To be even more precise, here. The selling price of each item must be known. This rules out merely averaging product prices across the board. You need to complete your research and examine each component of your cost of products. It’s possible (and likely) that your goods’ cost structure features some vast variations between individual items. Setting prices or determining expenses based on averages is a precarious business. When I was a kid, my father often said, “On average, you are quite comfortable if you put one hand in boiling water and the other in freezing water.” The lesson here is not to rely on the mean. You may go forward once you have an accurate accounting of your expenses.

How Clients See It:

It doesn’t matter if you think the prices should be higher or lower or if your employees, relatives, or competitors do. The only view that counts is that of the paying consumer. Customers “vote” with their dollars when they buy from you, essentially stating, “I think the price is fair considering the quality and service I receive.” They will not buy if they do not consider the pricing fair.

It would be best if you did more research on your customers by asking them questions about the value of the things they have purchased. The kind of inquiries go something like, “Did you have any idea of a price range you were hoping to see when you came into the store?” After you hear their response, probe further to determine how much they will pay at the extremes. While most business owners look at the extreme end of client expectations, you should also consider the minimum. Your product is priced too low if it is less expensive than customers would anticipate it to be. The buyer claims they would have paid more if given the chance. You need only become adept at client listening.

The next step is determining what other needs the product will fulfill for the clients. Do they anticipate receiving a warranty, post-sale service, or something else?

You may move forward with confidence now that you have a firm grasp on both your costs and the expectations of your target market. As for the next phase, it has nothing to do with deciding on a price. You should not proceed with it just yet.
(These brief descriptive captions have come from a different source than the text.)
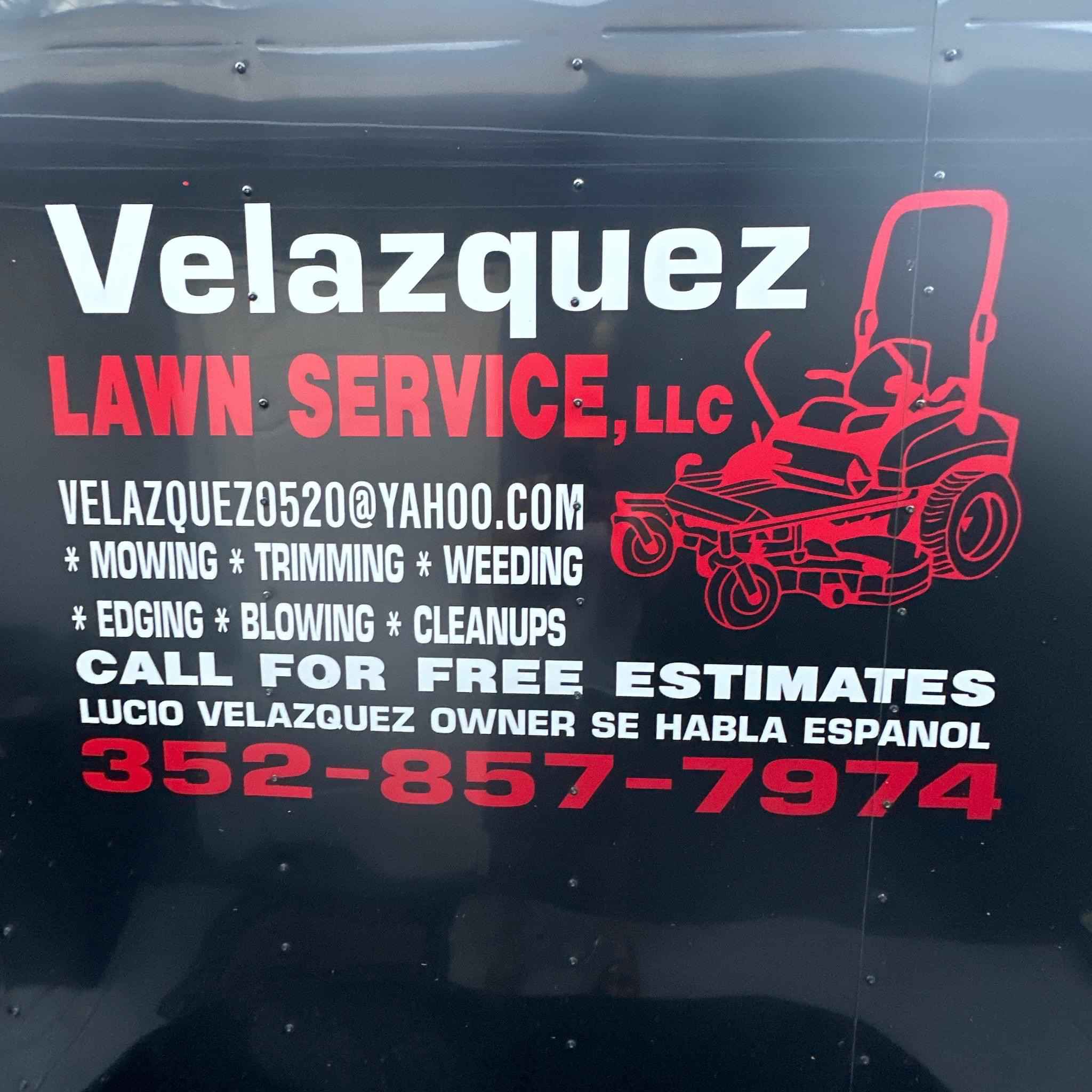 Velazquez Lawn Service. LLC logo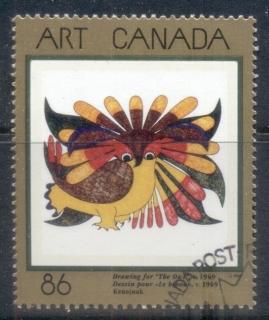 Canada-1993-Art-CTO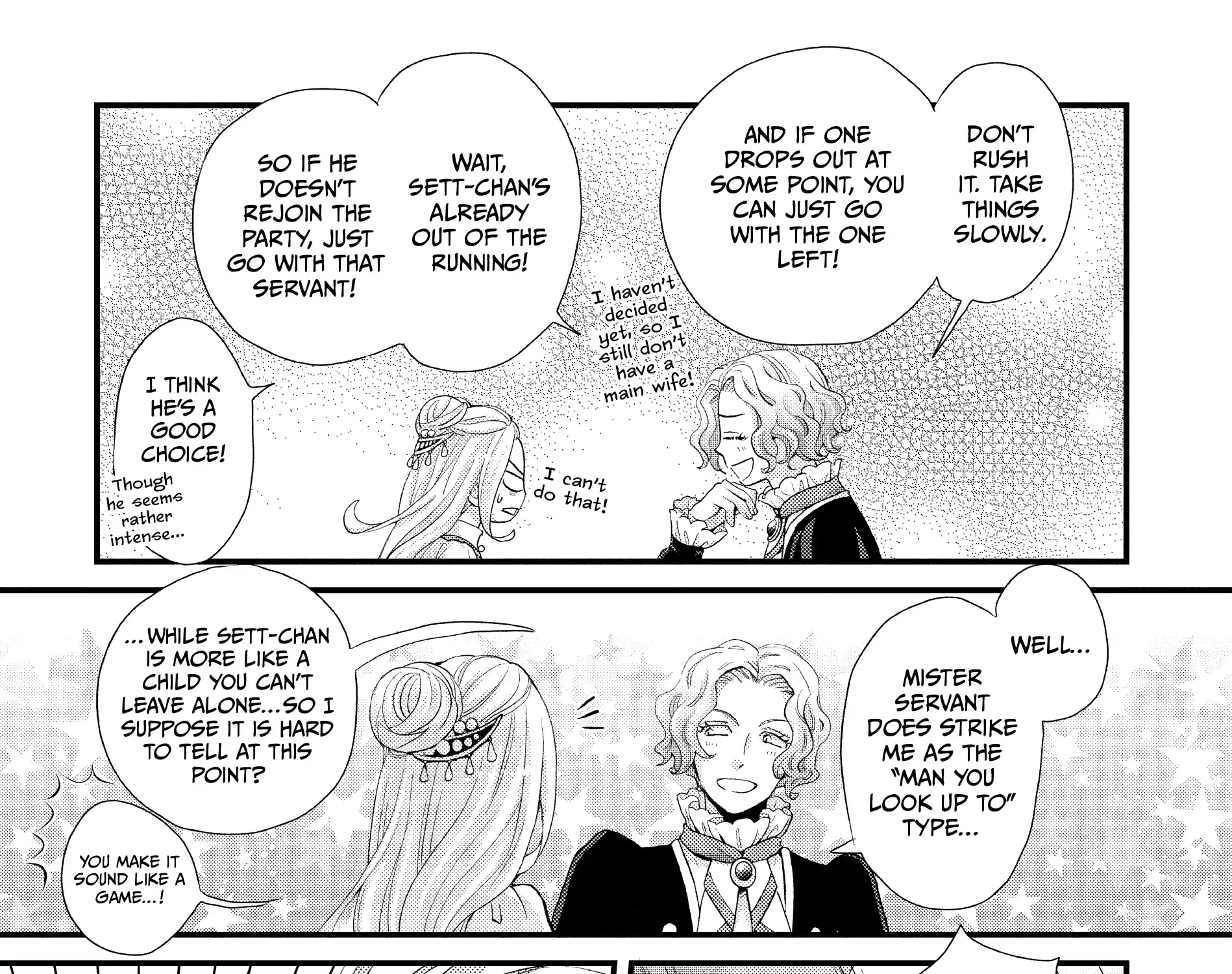 Nina The Starry Bride Zinmanga X Chapter 35 Page 42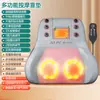 Masajeador de Cintura Auxiliar, Dispositivo de Masaje para la Cintura, Cojín de Masaje Cervical y Lumbar, Almohada de Masaje de Espalda con Compresa Caliente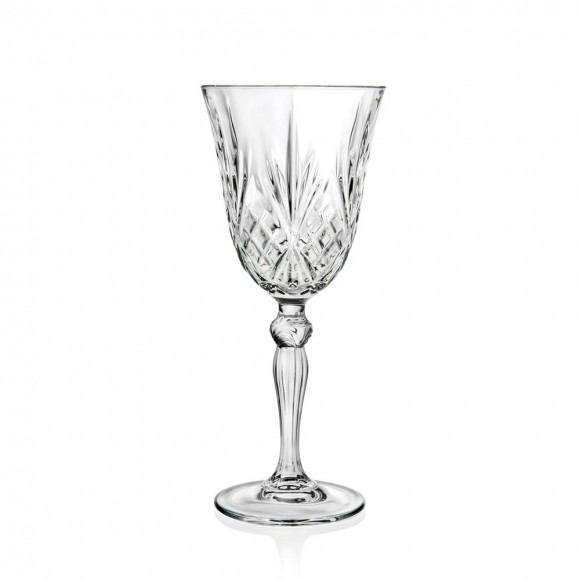 Бокал для вина 270 мл хр. стекло Style Melodia RCR Cristalleria [6], RIC - 81262039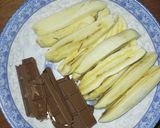 Foto langkah ke 1 dari resep Sari roti goreng isi pisang dan coklat.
Remember that “forgetting about your competition and how prices are set within your industry” will be a massive challenge for you. It’s time to stop trying to think exactly like everyone else in your field. You will never succeed where they have failed if you continue to adopt their mindset. I am not an expert in your area, but I would wager that the industry frontrunner does things differently than the rest of the pack. They were/are much more resourceful when it comes to going above and above for their customers.

Put aside what you ‘know’ for a moment. Use a pricing structure from a different market as a constraint. You might not understand it but try not to be too dismissive. What if you priced your goods like airlines did and offered a loyalty program for regular customers? What if you provided away your product (as they do with cell phones) and made the customer sign a long-term contract, much like the cellular business? The casinos in Las Vegas are making a ton of money by giving out free hotel stays and plane tickets to potential customers.

The goal is not to mimic other industries’ pricing structures word for word but to train oneself to think, “How can I apply that kind of pricing concept to my business?” Ask yourself, “How can I apply that technique, or a variation of it, to my business?” if you learn of or encounter a company employing a pricing strategy that differs from yours. With that forward-thinking, you’ll quickly rise to the top of your field. Profits Can Be Increased With Good Pricing, the subject of my upcoming pricing article.

H.R. Smith has worked as a business owner and educator for almost a decade. Creating a profitable internet business model while writing online content; building a brick-and-mortar business. His author wife’s latest work is the post-apocalyptic The Troop of Shadows Chronicles.